Lecture 1: “On the historical roots of scientific reason”, pp. 2-3. 1. Learning how to learn My fundamental observation is that reasoning, finding out, and techniques of discovery have a history. It is not just the history of facts discovered, theories proposed, and technologies invented. We have not only learned an amazing amount about the world and how to change it: we have also had to learn how to find out … Cognition and culture are, then, two dimensions that provide the space in which to understand scientific reason. We have many different cognitive abilities, and human history runs on many paths. Not surprisingly, there are many ways to conduct scientific research. For example,

• Mathematicians construct deductive proofs (among other things). • We make theoretical models of aspects of nature in order to understand them or to alter them. • The laboratory sciences demand not just “experiment,” but also the building of apparatus to elicit, and often to create, phenomena. • Taxonomists classify living things according to principles of hierarchic structure, although what those principles are, continue to be matters of intense debate. • Decision under uncertainty, thinking in probabilities, is yet another distinct style of scientific thinking. • There may also be a genetic way of understanding, most successful in such evolutionary theories as Darwin’s theory of natural selection, but also tried out in enterprises as diverse as Freudian analysis and Marxist historiography. These are distinct ways to find things out, practiced in what we call the sciences. They have histories that are to some extent independent. They are grounded in cognitive capacities about which, at present, we can only speculate. These are distinct styles of scientific thinking, each of which has been developed in its own way, in its own time frame, and each of which contributes to the larger fabric of scientific imagination and action (2-3).

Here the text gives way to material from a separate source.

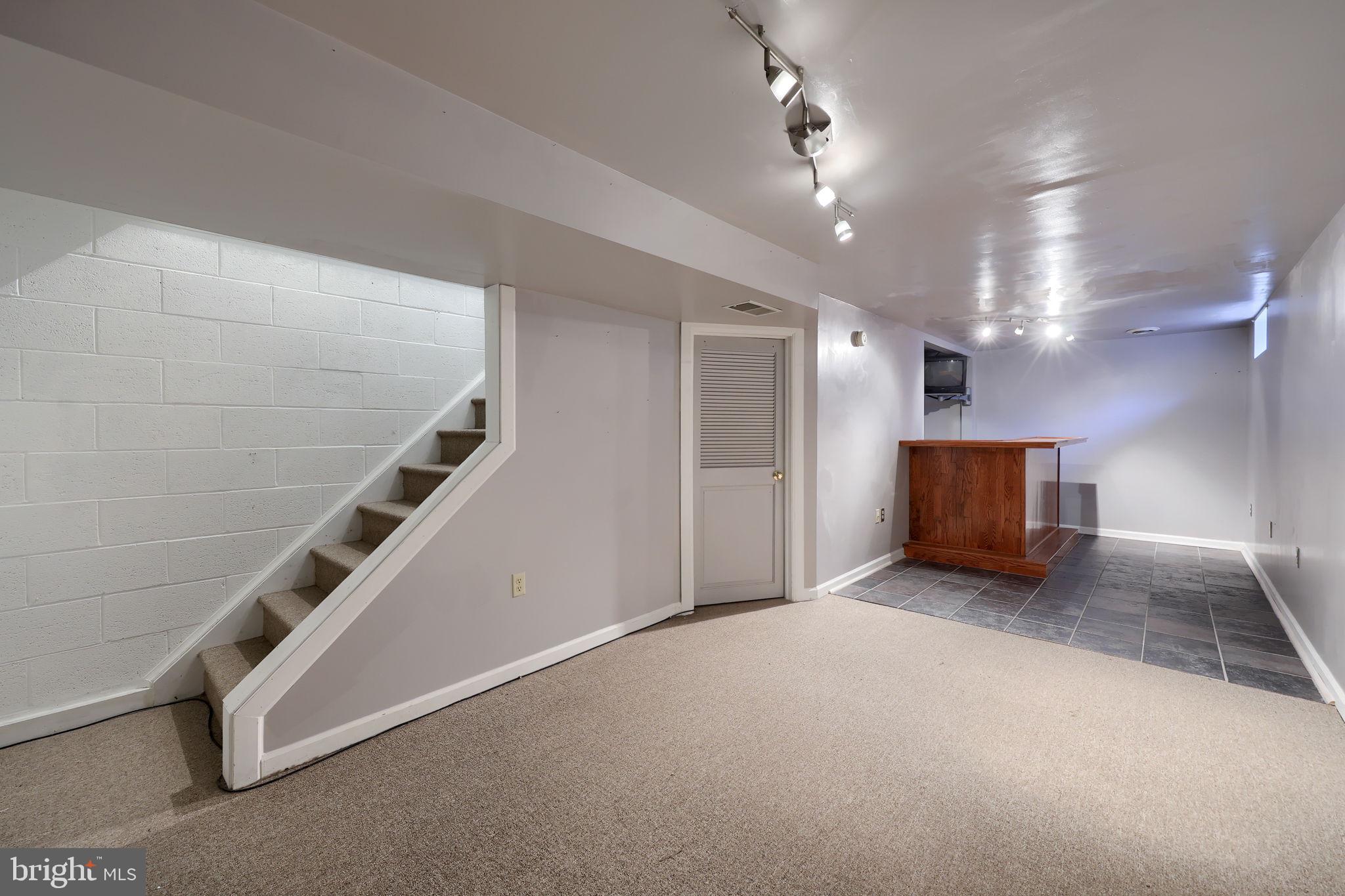 HICKORY HILLS - Residential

Lecture 3: “The laboratory style of thinking and doing”, p. 2. I first heard about the “six styles” from Crombie at a conference in 1979, and that started me thinking anew about the sciences; the first sign of my uptake was published in 1982, and I have been thinking about these matters from time to time ever since.1 Today I shall be concerned with his second and third styles of thinking, and with a combination of the two. I call it the laboratory style of thinking and doing. Here are the brief descriptions of the second and third styles that I heard almost 30 years ago: 2. Experimental measurement, and exploration of more complex observable relations. 3. Hypothetical construction of analogical models (p. 2).